--- Information given Enclosed Below ---

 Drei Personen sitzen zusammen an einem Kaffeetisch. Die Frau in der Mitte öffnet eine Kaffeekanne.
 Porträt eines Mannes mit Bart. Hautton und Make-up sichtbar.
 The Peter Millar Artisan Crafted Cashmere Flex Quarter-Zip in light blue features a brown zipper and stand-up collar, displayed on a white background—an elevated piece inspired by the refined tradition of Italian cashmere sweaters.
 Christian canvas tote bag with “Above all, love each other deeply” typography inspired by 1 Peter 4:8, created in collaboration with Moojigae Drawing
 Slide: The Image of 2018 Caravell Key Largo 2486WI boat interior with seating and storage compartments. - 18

--- End of Enclosed Information given ---
--- Information given Enclosed Below ---

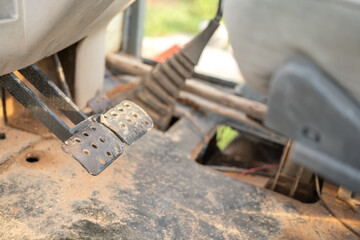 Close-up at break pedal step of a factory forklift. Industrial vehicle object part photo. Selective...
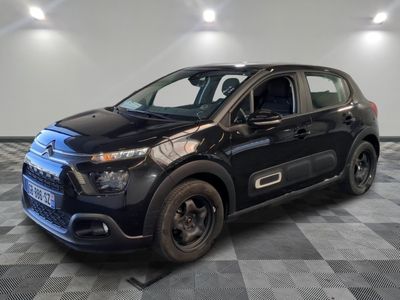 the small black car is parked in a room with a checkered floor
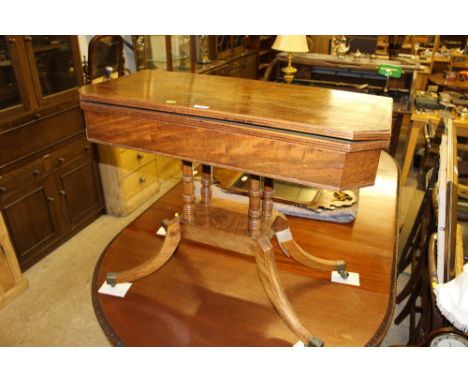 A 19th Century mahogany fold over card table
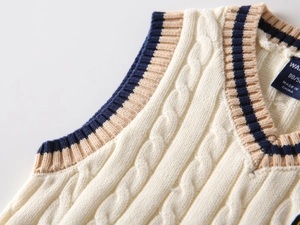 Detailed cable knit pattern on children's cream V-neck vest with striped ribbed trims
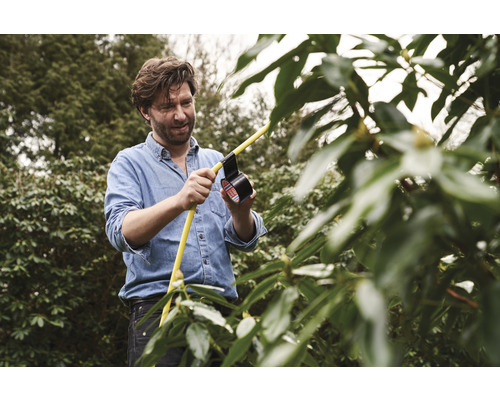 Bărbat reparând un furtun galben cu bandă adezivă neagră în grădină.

--- End of Enclosed Information given ---
--- Information given Enclosed Below ---

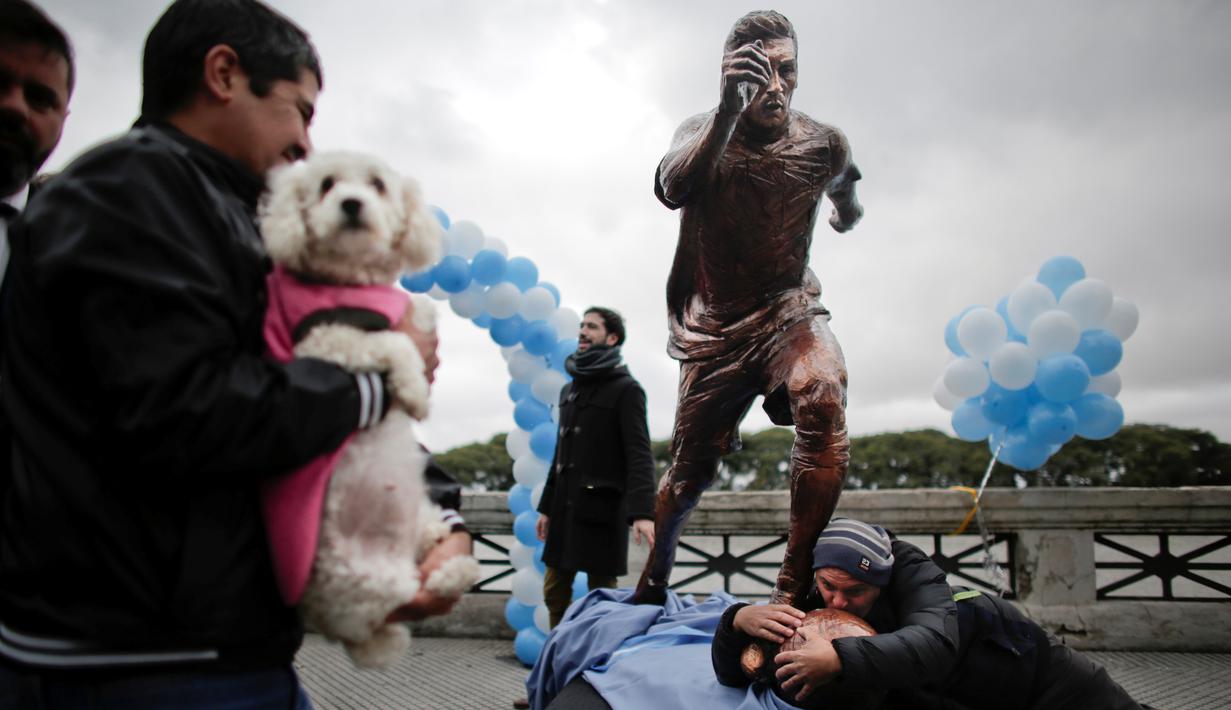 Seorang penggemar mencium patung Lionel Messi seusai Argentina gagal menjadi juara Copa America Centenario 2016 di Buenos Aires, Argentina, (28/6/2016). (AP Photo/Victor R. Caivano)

--- End of Enclosed Information given ---

Your objective: Return exactly the lines of the material above, starting at the line containing "the small black" and finishing at the line containing "Bărbat reparând un", without any pictures.

Expected answer:
 the small black car is parked in a room with a checkered floor
 A 19th Century mahogany fold over card table
 Detailed cable knit pattern on children's cream V-neck vest with striped ribbed trims
 Bărbat reparând un furtun galben cu bandă adezivă neagră în grădină.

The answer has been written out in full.